DATA FOR REVIEW section start













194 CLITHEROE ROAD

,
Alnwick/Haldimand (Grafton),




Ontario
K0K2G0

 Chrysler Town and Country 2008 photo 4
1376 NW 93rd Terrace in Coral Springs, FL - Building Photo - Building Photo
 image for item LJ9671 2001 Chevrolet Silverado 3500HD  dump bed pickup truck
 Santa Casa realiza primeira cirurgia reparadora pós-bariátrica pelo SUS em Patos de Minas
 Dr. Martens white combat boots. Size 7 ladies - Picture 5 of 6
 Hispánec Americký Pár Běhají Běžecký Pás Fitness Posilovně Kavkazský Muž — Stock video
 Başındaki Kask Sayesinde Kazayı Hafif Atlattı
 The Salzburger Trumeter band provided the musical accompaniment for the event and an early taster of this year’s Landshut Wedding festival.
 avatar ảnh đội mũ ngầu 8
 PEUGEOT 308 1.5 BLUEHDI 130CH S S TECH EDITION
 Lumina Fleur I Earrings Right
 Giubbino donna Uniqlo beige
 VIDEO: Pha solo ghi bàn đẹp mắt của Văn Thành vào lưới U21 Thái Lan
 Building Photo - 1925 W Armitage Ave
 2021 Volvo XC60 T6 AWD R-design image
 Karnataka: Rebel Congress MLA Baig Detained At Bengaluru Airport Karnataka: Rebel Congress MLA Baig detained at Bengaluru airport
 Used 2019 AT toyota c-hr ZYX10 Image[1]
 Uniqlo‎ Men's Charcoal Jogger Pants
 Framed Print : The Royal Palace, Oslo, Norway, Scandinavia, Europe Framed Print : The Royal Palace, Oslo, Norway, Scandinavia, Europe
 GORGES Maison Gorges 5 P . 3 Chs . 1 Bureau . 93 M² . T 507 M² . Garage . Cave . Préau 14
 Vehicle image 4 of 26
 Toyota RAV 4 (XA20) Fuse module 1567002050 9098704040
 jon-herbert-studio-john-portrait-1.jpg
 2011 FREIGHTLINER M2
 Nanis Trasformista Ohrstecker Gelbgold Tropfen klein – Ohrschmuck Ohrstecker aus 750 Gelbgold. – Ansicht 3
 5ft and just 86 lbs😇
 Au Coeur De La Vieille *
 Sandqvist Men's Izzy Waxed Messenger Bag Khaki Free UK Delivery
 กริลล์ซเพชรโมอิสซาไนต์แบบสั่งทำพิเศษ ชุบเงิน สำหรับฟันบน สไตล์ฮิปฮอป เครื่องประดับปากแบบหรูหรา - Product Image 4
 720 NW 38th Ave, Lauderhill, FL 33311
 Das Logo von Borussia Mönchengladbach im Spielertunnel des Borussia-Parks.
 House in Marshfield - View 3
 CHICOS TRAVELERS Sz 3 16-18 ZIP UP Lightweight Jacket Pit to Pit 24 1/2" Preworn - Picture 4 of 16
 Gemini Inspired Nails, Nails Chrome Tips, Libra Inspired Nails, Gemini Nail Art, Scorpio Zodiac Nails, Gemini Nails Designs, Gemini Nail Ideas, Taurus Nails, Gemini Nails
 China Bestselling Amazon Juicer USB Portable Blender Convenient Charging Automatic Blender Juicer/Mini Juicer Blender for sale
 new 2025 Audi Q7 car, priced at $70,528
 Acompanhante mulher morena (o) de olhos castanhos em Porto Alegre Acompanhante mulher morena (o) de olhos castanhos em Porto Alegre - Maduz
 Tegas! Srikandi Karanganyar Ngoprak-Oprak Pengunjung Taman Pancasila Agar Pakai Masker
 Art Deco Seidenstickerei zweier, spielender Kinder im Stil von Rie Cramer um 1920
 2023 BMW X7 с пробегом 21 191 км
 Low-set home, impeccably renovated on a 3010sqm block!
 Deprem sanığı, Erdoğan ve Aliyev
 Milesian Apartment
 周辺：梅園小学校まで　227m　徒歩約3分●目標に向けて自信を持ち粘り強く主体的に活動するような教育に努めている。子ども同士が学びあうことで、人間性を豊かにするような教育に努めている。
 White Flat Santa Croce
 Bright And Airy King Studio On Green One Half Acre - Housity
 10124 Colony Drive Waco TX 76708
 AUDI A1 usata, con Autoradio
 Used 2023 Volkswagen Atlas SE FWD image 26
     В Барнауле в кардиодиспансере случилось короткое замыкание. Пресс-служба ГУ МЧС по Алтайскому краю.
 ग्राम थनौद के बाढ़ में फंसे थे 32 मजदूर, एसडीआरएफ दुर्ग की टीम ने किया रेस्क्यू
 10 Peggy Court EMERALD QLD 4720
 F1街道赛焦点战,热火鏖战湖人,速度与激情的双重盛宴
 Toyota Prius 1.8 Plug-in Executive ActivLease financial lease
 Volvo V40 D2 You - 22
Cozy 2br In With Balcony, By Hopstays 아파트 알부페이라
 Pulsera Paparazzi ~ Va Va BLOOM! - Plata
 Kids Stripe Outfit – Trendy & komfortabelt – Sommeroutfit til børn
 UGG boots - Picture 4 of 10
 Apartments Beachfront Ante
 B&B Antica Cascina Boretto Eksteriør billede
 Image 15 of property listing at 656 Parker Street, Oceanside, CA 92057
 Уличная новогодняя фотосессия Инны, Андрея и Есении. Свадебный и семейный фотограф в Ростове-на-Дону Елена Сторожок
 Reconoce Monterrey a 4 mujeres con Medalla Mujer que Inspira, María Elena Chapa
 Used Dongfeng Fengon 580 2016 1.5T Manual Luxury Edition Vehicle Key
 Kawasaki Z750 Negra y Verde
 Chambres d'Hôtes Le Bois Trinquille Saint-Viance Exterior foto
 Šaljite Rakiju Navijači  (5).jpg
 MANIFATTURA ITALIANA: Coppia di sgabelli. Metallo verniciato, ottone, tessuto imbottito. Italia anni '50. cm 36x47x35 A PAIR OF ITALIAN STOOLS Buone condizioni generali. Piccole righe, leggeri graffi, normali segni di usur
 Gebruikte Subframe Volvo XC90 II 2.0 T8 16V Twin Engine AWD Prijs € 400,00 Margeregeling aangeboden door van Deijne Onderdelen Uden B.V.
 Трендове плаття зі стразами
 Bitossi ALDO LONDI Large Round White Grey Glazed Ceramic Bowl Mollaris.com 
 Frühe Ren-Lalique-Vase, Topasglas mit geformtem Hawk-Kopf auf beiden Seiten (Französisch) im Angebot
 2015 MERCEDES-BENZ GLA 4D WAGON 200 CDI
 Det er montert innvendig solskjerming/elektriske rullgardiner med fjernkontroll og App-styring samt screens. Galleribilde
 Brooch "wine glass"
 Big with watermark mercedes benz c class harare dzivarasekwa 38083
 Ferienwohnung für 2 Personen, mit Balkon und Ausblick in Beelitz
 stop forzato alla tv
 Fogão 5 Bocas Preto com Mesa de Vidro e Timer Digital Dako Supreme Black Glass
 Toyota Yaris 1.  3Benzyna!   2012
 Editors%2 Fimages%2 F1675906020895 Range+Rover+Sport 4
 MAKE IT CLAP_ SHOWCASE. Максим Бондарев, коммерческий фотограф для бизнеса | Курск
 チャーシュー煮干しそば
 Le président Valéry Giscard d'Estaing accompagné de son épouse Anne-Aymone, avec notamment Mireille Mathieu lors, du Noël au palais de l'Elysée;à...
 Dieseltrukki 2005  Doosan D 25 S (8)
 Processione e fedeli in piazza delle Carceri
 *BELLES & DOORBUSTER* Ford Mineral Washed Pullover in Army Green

DATA FOR REVIEW section end

> **EXERCISE**
Each line above is to be restated exactly as it stands.

> **COMPLETED EXERCISE**
194 CLITHEROE ROAD

,
Alnwick/Haldimand (Grafton),




Ontario
K0K2G0

 Chrysler Town and Country 2008 photo 4
1376 NW 93rd Terrace in Coral Springs, FL - Building Photo - Building Photo
 image for item LJ9671 2001 Chevrolet Silverado 3500HD  dump bed pickup truck
 Santa Casa realiza primeira cirurgia reparadora pós-bariátrica pelo SUS em Patos de Minas
 Dr. Martens white combat boots. Size 7 ladies - Picture 5 of 6
 Hispánec Americký Pár Běhají Běžecký Pás Fitness Posilovně Kavkazský Muž — Stock video
 Başındaki Kask Sayesinde Kazayı Hafif Atlattı
 The Salzburger Trumeter band provided the musical accompaniment for the event and an early taster of this year’s Landshut Wedding festival.
 avatar ảnh đội mũ ngầu 8
 PEUGEOT 308 1.5 BLUEHDI 130CH S S TECH EDITION
 Lumina Fleur I Earrings Right
 Giubbino donna Uniqlo beige
 VIDEO: Pha solo ghi bàn đẹp mắt của Văn Thành vào lưới U21 Thái Lan
 Building Photo - 1925 W Armitage Ave
 2021 Volvo XC60 T6 AWD R-design image
 Karnataka: Rebel Congress MLA Baig Detained At Bengaluru Airport Karnataka: Rebel Congress MLA Baig detained at Bengaluru airport
 Used 2019 AT toyota c-hr ZYX10 Image[1]
 Uniqlo‎ Men's Charcoal Jogger Pants
 Framed Print : The Royal Palace, Oslo, Norway, Scandinavia, Europe Framed Print : The Royal Palace, Oslo, Norway, Scandinavia, Europe
 GORGES Maison Gorges 5 P . 3 Chs . 1 Bureau . 93 M² . T 507 M² . Garage . Cave . Préau 14
 Vehicle image 4 of 26
 Toyota RAV 4 (XA20) Fuse module 1567002050 9098704040
 jon-herbert-studio-john-portrait-1.jpg
 2011 FREIGHTLINER M2
 Nanis Trasformista Ohrstecker Gelbgold Tropfen klein – Ohrschmuck Ohrstecker aus 750 Gelbgold. – Ansicht 3
 5ft and just 86 lbs😇
 Au Coeur De La Vieille *
 Sandqvist Men's Izzy Waxed Messenger Bag Khaki Free UK Delivery
 กริลล์ซเพชรโมอิสซาไนต์แบบสั่งทำพิเศษ ชุบเงิน สำหรับฟันบน สไตล์ฮิปฮอป เครื่องประดับปากแบบหรูหรา - Product Image 4
 720 NW 38th Ave, Lauderhill, FL 33311
 Das Logo von Borussia Mönchengladbach im Spielertunnel des Borussia-Parks.
 House in Marshfield - View 3
 CHICOS TRAVELERS Sz 3 16-18 ZIP UP Lightweight Jacket Pit to Pit 24 1/2" Preworn - Picture 4 of 16
 Gemini Inspired Nails, Nails Chrome Tips, Libra Inspired Nails, Gemini Nail Art, Scorpio Zodiac Nails, Gemini Nails Designs, Gemini Nail Ideas, Taurus Nails, Gemini Nails
 China Bestselling Amazon Juicer USB Portable Blender Convenient Charging Automatic Blender Juicer/Mini Juicer Blender for sale
 new 2025 Audi Q7 car, priced at $70,528
 Acompanhante mulher morena (o) de olhos castanhos em Porto Alegre Acompanhante mulher morena (o) de olhos castanhos em Porto Alegre - Maduz
 Tegas! Srikandi Karanganyar Ngoprak-Oprak Pengunjung Taman Pancasila Agar Pakai Masker
 Art Deco Seidenstickerei zweier, spielender Kinder im Stil von Rie Cramer um 1920
 2023 BMW X7 с пробегом 21 191 км
 Low-set home, impeccably renovated on a 3010sqm block!
 Deprem sanığı, Erdoğan ve Aliyev
 Milesian Apartment
 周辺：梅園小学校まで　227m　徒歩約3分●目標に向けて自信を持ち粘り強く主体的に活動するような教育に努めている。子ども同士が学びあうことで、人間性を豊かにするような教育に努めている。
 White Flat Santa Croce
 Bright And Airy King Studio On Green One Half Acre - Housity
 10124 Colony Drive Waco TX 76708
 AUDI A1 usata, con Autoradio
 Used 2023 Volkswagen Atlas SE FWD image 26
     В Барнауле в кардиодиспансере случилось короткое замыкание. Пресс-служба ГУ МЧС по Алтайскому краю.
 ग्राम थनौद के बाढ़ में फंसे थे 32 मजदूर, एसडीआरएफ दुर्ग की टीम ने किया रेस्क्यू
 10 Peggy Court EMERALD QLD 4720
 F1街道赛焦点战,热火鏖战湖人,速度与激情的双重盛宴
 Toyota Prius 1.8 Plug-in Executive ActivLease financial lease
 Volvo V40 D2 You - 22
Cozy 2br In With Balcony, By Hopstays 아파트 알부페이라
 Pulsera Paparazzi ~ Va Va BLOOM! - Plata
 Kids Stripe Outfit – Trendy & komfortabelt – Sommeroutfit til børn
 UGG boots - Picture 4 of 10
 Apartments Beachfront Ante
 B&B Antica Cascina Boretto Eksteriør billede
 Image 15 of property listing at 656 Parker Street, Oceanside, CA 92057
 Уличная новогодняя фотосессия Инны, Андрея и Есении. Свадебный и семейный фотограф в Ростове-на-Дону Елена Сторожок
 Reconoce Monterrey a 4 mujeres con Medalla Mujer que Inspira, María Elena Chapa
 Used Dongfeng Fengon 580 2016 1.5T Manual Luxury Edition Vehicle Key
 Kawasaki Z750 Negra y Verde
 Chambres d'Hôtes Le Bois Trinquille Saint-Viance Exterior foto
 Šaljite Rakiju Navijači  (5).jpg
 MANIFATTURA ITALIANA: Coppia di sgabelli. Metallo verniciato, ottone, tessuto imbottito. Italia anni '50. cm 36x47x35 A PAIR OF ITALIAN STOOLS Buone condizioni generali. Piccole righe, leggeri graffi, normali segni di usur
 Gebruikte Subframe Volvo XC90 II 2.0 T8 16V Twin Engine AWD Prijs € 400,00 Margeregeling aangeboden door van Deijne Onderdelen Uden B.V.
 Трендове плаття зі стразами
 Bitossi ALDO LONDI Large Round White Grey Glazed Ceramic Bowl Mollaris.com 
 Frühe Ren-Lalique-Vase, Topasglas mit geformtem Hawk-Kopf auf beiden Seiten (Französisch) im Angebot
 2015 MERCEDES-BENZ GLA 4D WAGON 200 CDI
 Det er montert innvendig solskjerming/elektriske rullgardiner med fjernkontroll og App-styring samt screens. Galleribilde
 Brooch "wine glass"
 Big with watermark mercedes benz c class harare dzivarasekwa 38083
 Ferienwohnung für 2 Personen, mit Balkon und Ausblick in Beelitz
 stop forzato alla tv
 Fogão 5 Bocas Preto com Mesa de Vidro e Timer Digital Dako Supreme Black Glass
 Toyota Yaris 1.  3Benzyna!   2012
 Editors%2 Fimages%2 F1675906020895 Range+Rover+Sport 4
 MAKE IT CLAP_ SHOWCASE. Максим Бондарев, коммерческий фотограф для бизнеса | Курск
 チャーシュー煮干しそば
 Le président Valéry Giscard d'Estaing accompagné de son épouse Anne-Aymone, avec notamment Mireille Mathieu lors, du Noël au palais de l'Elysée;à...
 Dieseltrukki 2005  Doosan D 25 S (8)
 Processione e fedeli in piazza delle Carceri
 *BELLES & DOORBUSTER* Ford Mineral Washed Pullover in Army Green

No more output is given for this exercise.